O texto consta da Resolução da Diretoria Colegiada (RDC) 63/2016 da Anvisa.

A norma entrará em vigor 30 dias após a publicação, ou seja, no dia 23 de março deste ano.

Os débitos sujeitos a parcelamento ficam restritos exclusivamente àqueles decorrentes de fatos geradores pretéritos, com ausência de recolhimento ou recolhimento a menor da TFVS, por motivação da Administração.

Também só será possível parcelar dívidas em que não se constate intuito doloso ou má-fé por parte do devedor.

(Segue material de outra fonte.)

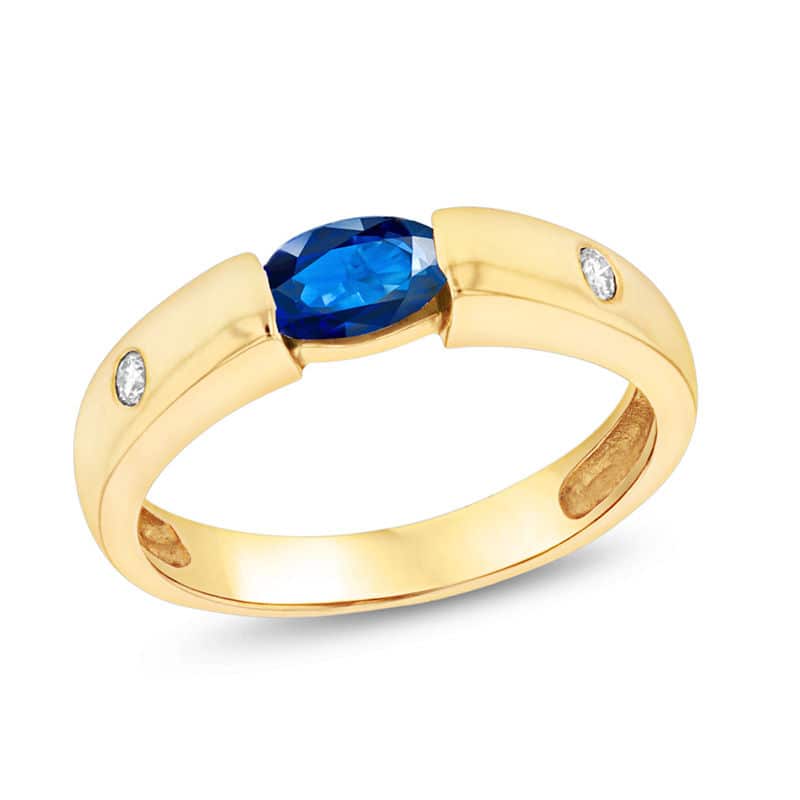 Sideways Oval Blue Sapphire and Diamond Accent Ring in 14K Gold
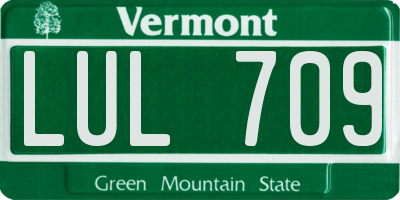 VT license plate LUL709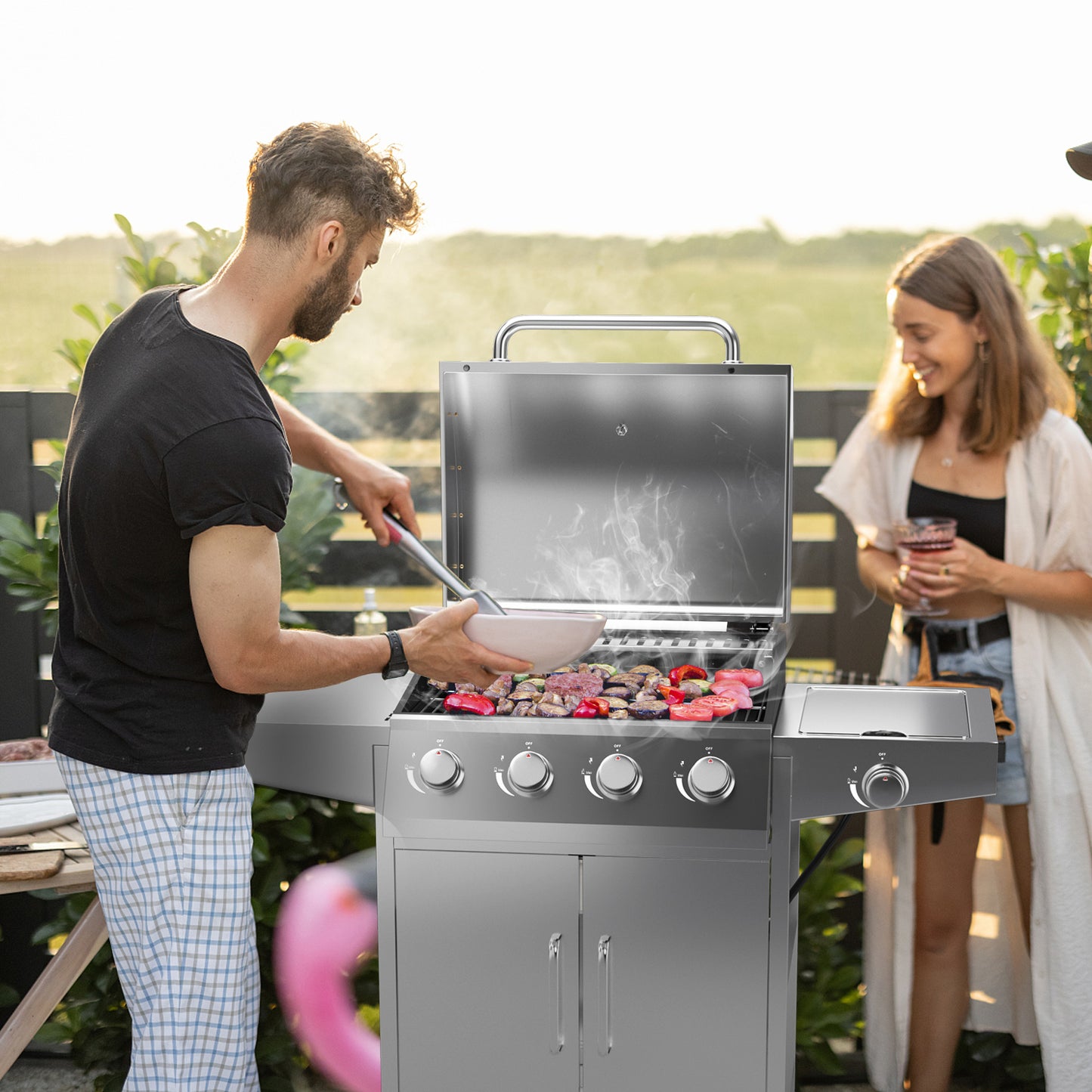 50000BTU 5-Burner Propane Gas Grill with Side Burner and 2 Prep Tables, Silver Outdoor Grills   at Gallery Canada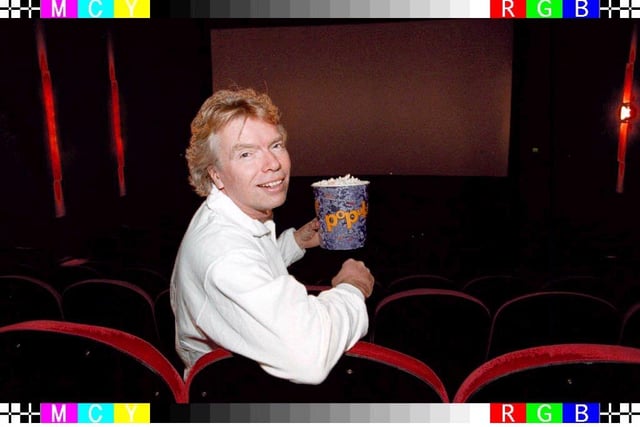 Richard Branson samples the culinary delights  at Virgin's multi-screen cinema
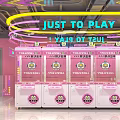 Public Office Area Entertainment Corner With Pink Claw Machines And Neon Lights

Não é permitido o parcelamento dos débitos inscritos na Dívida Ativa da União ou Execução Fiscal.
Além disso, o pedido de parcelamento acarretará a desistência de recurso administrativo e de ações judiciais.

As empresas interessadas em parcelar os débitos devem realizar o pedido através do portal da Agência.

A solicitação do parcelamento é de até 60 (sessenta) prestações mensais e sucessivas e é necessário encaminhar à Anvisa documentação específica, conforme descrito na Resolução.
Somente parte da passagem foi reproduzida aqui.